POLITICS
07/18/2009 05:12 am ET Updated May 25, 2011

Louisiana Democrats Use Ensign Affair To Go After Vitter

Citing Sen. John Ensign's resignation from his GOP leadership position after copping to an extramarital affair, Democrats are now calling on David Vitter -- another Republican with past marital misconduct -- to drop his own post within the party.

Presented with the right news hook, the Louisiana Democratic Party put out a press statement on Wednesday afternoon, urging its home state Senator to drop his title as Deputy Whip of the Senate GOP.

"Senator Ensign's admission that he was involved in an extramarital affair serves to remind Louisiana voters of the embarrassment that Senator David Vitter brought on the people of Louisiana when he acknowledged his involvement in a multimillion dollar prostitution ring," said Louisiana Democratic Party Chairman Chris Whittington. "But at least Senator Ensign understood the embarrassment he was causing to his own state. Sen. Ensign did the right thing today, and it is up to Sen. Vitter to do the same. Senator Vitter not only violated the public trust, but he broke the law. He should immediately resign as Deputy Whip of the Senate Republican Caucus."

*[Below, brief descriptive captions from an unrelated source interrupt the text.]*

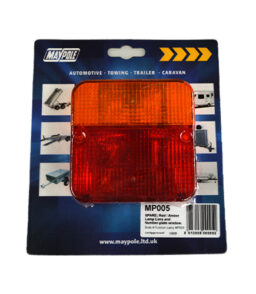 MP5 Replacement Lens For MP3/3B Lamp Display Packed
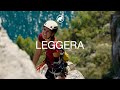 No Limits For Paraclimber Lucia Capovilla | Leggera | Full Movie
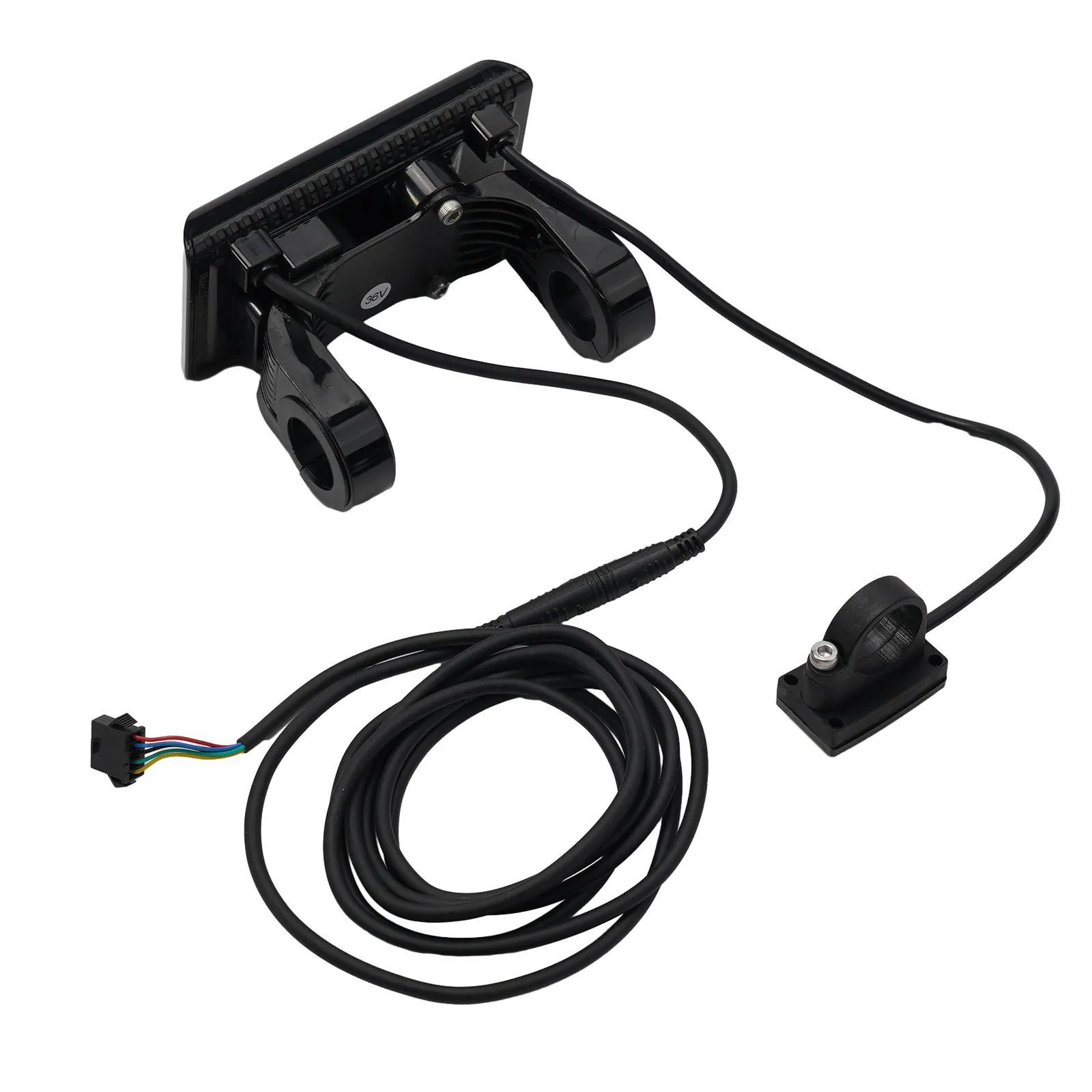 Durable And Practical High Quality Brand New LCD Display E-bike Electric Bicycle E-Scooter 225g ABS Accessories
Durable And Practical High Quality Brand New LCD Display E-bike Electric Bicycle E-Scooter 225g ABS Accessories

The press release is the furthest that any Democratic politician or institution has gone in trying to reap political advantage from Ensign's marital difficulties. In the day since the news broke, fellow Nevadan, Majority Leader Harry Reid, has said that the matter is private

The LDP, certainly, is not part of the national party apparatus. And its focus with regards to the Ensign affair is to shine the light on Vitter's continued presence among the high-ranks of the GOP.

On a broader level, however, the state party's press release illustrates how the damage caused by Ensign's extramarital affair can, in many ways, be felt as much by the Republican Party as by Ensign himself. The Nevada Republican effectively extinguished any own hopes he had of running for president in 2012. But he also has disadvantaged his colleagues, who not only have temporarily lost a key figure on the media and fundraising circuit but also must deal with stories about the moral failings of its members.